FILHO DA TRADIÇÃO
Clerisvaldo B. Chagas, 24 de junho de 2011.
Filho legítimo da tradição junina, noite de São João fora de casa, nem pensar. Disponível o ano inteiro para viagens, menos nas noites sagradas do São João e Natal, vamos mantendo a vontade de está em casa. Enquanto puder acender a fogueira do santo na rua pavimentada com pedras, vamos mantendo o ritual bendito das raízes, dentro do mais puro segmento interiorano nordestino. Faz parte da festa à peleja para acender a madeira misturada componente da fogueira. Os tufos insistentes da fumaça, o molejo da palha no abano comprado na feira, o esvaziamento da caixa de fósforos sem consistência, vão permitindo o recado do Criador que você ainda vive.

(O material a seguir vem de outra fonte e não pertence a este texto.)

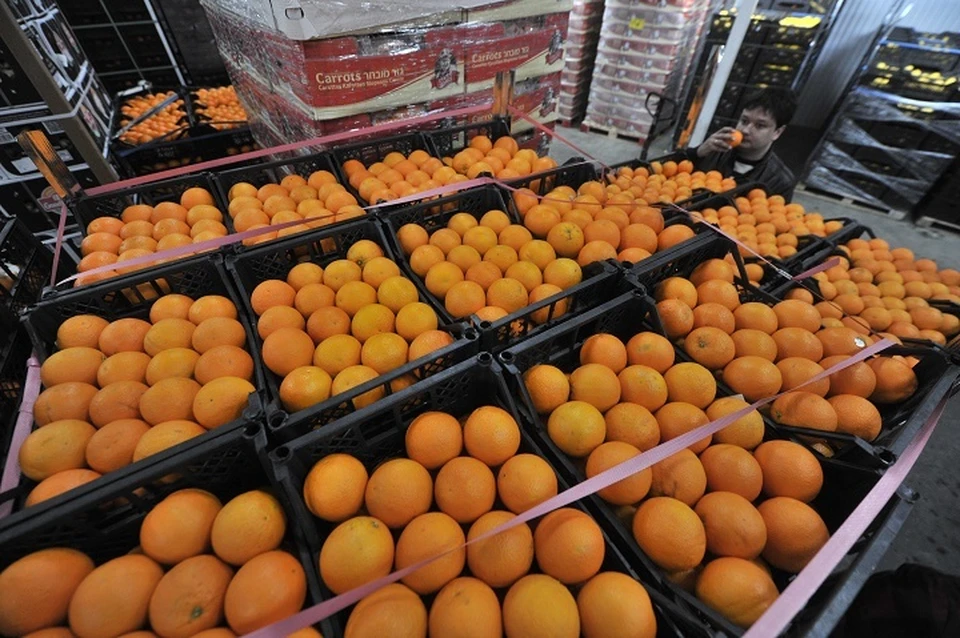 Партия свежих апельсинов заполонит прилавки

Como o poder aquisitivo deu direito ao som para todos, o abuso musical acontece pela vizinhança, no padrão “ninguém pode conversar”. O milho chega ao momento certo e vira consumo nas mais variadas formas. As bebidas estão aí, para quem bebe e quem não bebe diante do churrasco tentador que tempera a conversa dos compadres. Não, não adianta telefonar me chamando que eu não vou, meu amigo. Já disse que noite de São João não saio de casa. Estão ali na mesinha, o quente e o frio se você me visitar, mas ir para lá, vou não. Não tem quem me faça, é assim que se diz por essas bandas.
Quando os legítimos forrós do Rei do Baião vão desfilando, trazem a saudade danada de cada São João, de cada momento vivido, de cada item familiar que acompanha o tempo. Os olhos não resistem e, devagar, empurram duas lágrimas rebeldes que bem traduzem a dormência da alma. Ninguém percebe. Ninguém deve perceber o que é só meu. Deixe meu mundo interno escorrer até o copo tinto de vinho suave. As chamas do atilho queimam o angico, a aroeira e vai temperando uma nostalgia que maltrata. Uns olhos verdes e tentadores que chamam por cima do fogaréu. O Sol ardente do Sertão que tange um amor para os juazeiros, baraúnas, quixabeiras. Uma sequidão terrena que se mistura à seca de beijos, de nexos, de sexo. Suaves carícias no pipiri das caatingas. Arrulho de pombas rolas nos galhos retorcidos. Coaxar nas lagoas de inverno. Invasões temporárias de sentimentos viajados. Lençóis cheirosos sobre corpos sensuais. Despertar de um passado diante da fogueira. A fogueira de São João.
“O fole roncou
Lá no alto da serra
Cabroeira da minha terra
Subiu a serra
E foi brincar
Eu sei que morro
De faca, de carabina
Mas o amor de Joventina
Me dá força pra brigar...”
A chama da fogueira continua passando filme. Permanece, entra ano sai ano, reforçando um FILHO DA TRADIÇÃO.